W poniedziałek "Rzeczpospolita" ujawniła, że Władysław Serafin, prezes największej organizacji rolników w Polsce i wpływowy polityk PSL, w ciągu czterech lat miał przelać sobie 3 mln zł z dotacji z Ministerstwa Rolnictwa na przedstawicielstwo rolnicze w Brukseli. Tłumaczył, że w ten sposób zwraca sobie pożyczkę, której w 2008 r. udzielił związkowi kółek rolniczych. W dokumentach nie ma śladu po tej pożyczce.

W oświadczeniach majątkowych Serafina od 2003 r. (od tego czasu jest radnym), które prześledziła "Rzeczpospolita", nie ma ani milionowych przychodów, ani rzekomo udzielonej przez niego pożyczki z 2008 r. Ma on za to kilkusettysięczne kredyty, a wcześniej również komornika na karku. Jak więc mógł pożyczyć kółkom tak dużą sumę pieniędzy? – W 2008 r. sprzedałem grunt rolny pod Warszawą Janowi Wejchertowi pod pole golfowe za 3,5 mln zł. Połowę tej sumy pożyczyłem związkowi, bo chciałem go ratować – tłumaczy dziennikowi Serafin.

Wątpliwości związanych z rzekomą pożyczką jest jednak więcej - twierdzi "Rzeczpospolita". Podczas kontroli dotacji dla kółek przeprowadzonej w styczniu br. przez Ministerstwo Rolnictwa prezes Serafin miał pokazać urzędnikom dokument datowany na 30 stycznia 2008 r.

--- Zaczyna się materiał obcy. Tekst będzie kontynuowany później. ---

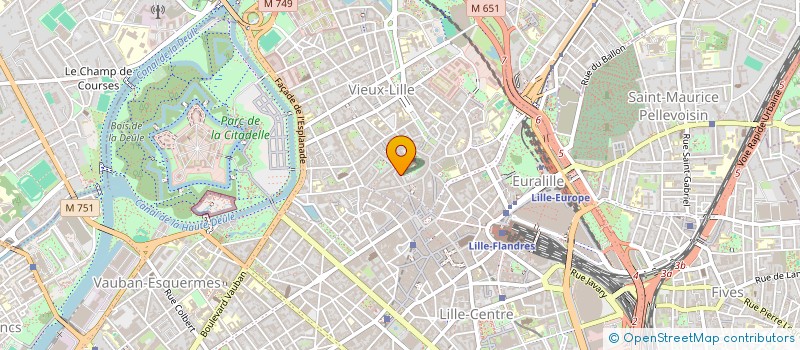 localisation de l'entreprise IMERTEZAN à LILLE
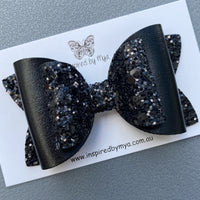 Charlotte Bow - Black Glitter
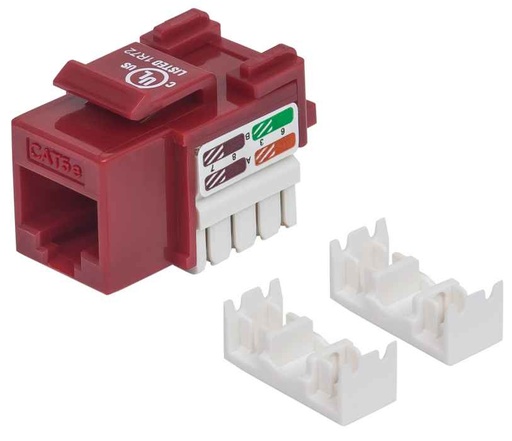 [005308] Jack Intellinet Keystone Cat5e de Impacto Rojo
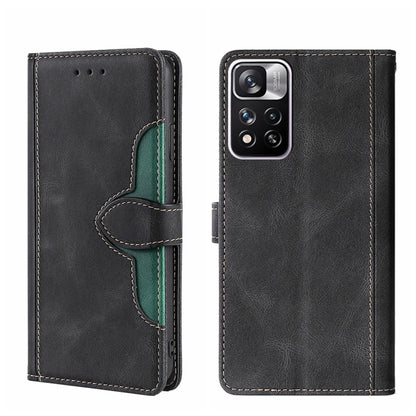 Skin Feel Magnetic Buckle Leather Phone Case, For OPPO Reno8 Pro Plus 5G, For Xiaomi Redmi Note 11 Pro 5G / Pro Plus 5G, For Xiaomi 12 Lite, For Xiaomi Mi Mix 4, For Xiaomi Poco M4 5G
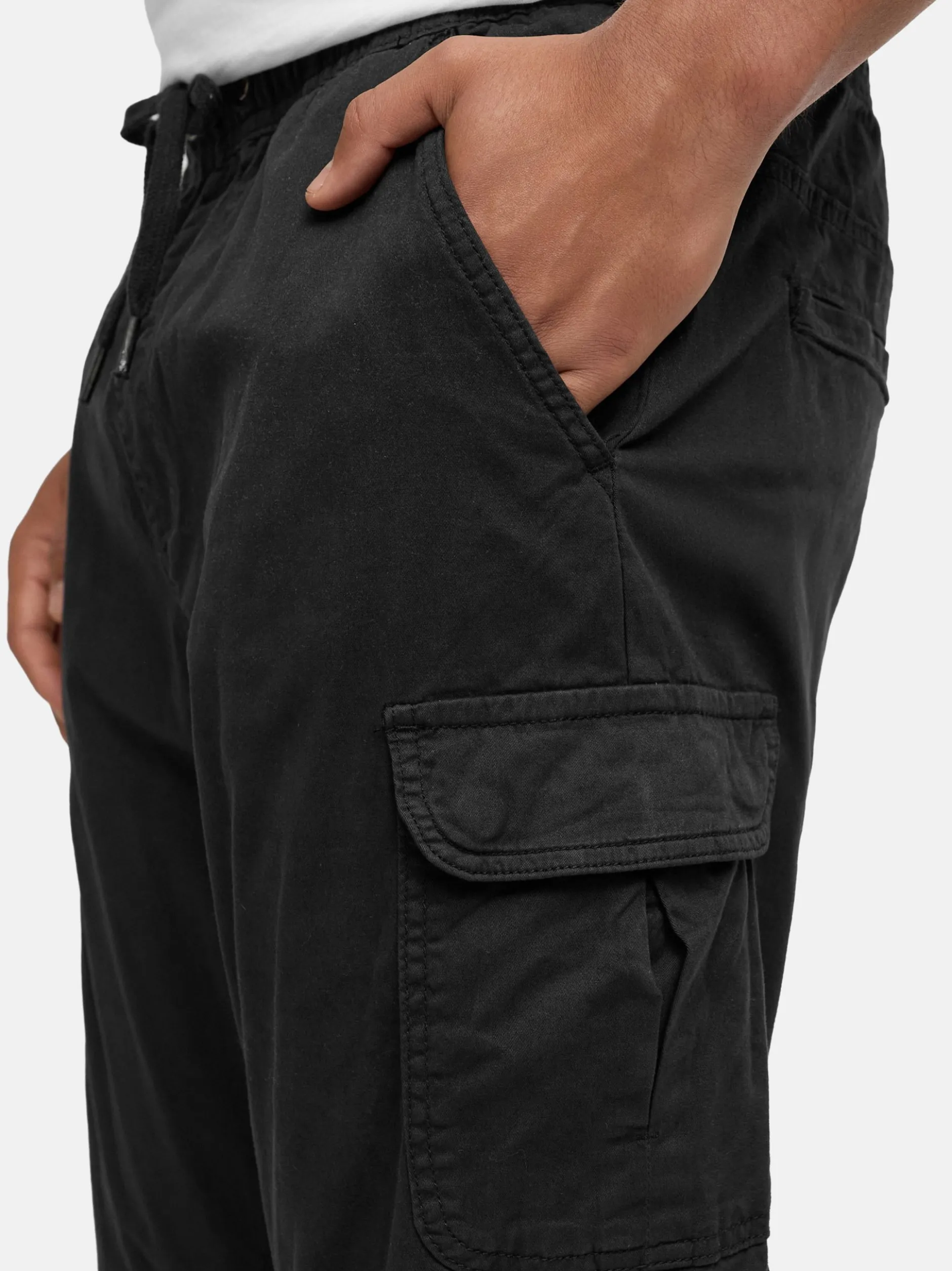 Indicode Herren Cargohose - INProff in schwarz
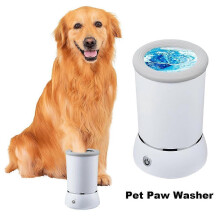 (White) Dog Paw Washer Large Multifunctional Quick Cleaning Pet Tool for Small Medium-sized Dog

Chodzi o pożyczkę na niebagatelną kwotę – ponad 1,7 mln zł – której miał udzielić kółkom.

Umowa ta została zarejestrowana w związku i zgłoszona do urzędu skarbowego dopiero 8 lutego br. W imieniu kółek rolniczych podpisało ją dwóch wiceprezesów: Wiesław Domian i Mirosław Surowiec. Kłopot w tym, że ten drugi nie ma stosownego upoważnienia do zaciągania takich zobowiązań. Miał je Józef Pawlak, ale zmarł w ubiegłym roku. Jeśli więc umowa została podpisana pięć lat temu, musiałby na niej widnieć podpis Pawlaka. Co więcej, pożyczka nie została ujęta nie tylko w oświadczeniach majątkowych Serafina, ale też w żadnym rocznym bilansie związku. Śledztwo w tej sprawie prowadzi katowicka prokuratura.

"Jeśli nie dopełniłem jakichś formalności, to poniosę odpowiedzialność, trudno" – powiedział Serafin Rzeczpospolitej. Zarzuty pod swoim adresem określa jako prowokację grupy polityków PSL, która boi się jego wiedzy na temat nieprawidłowości w partii.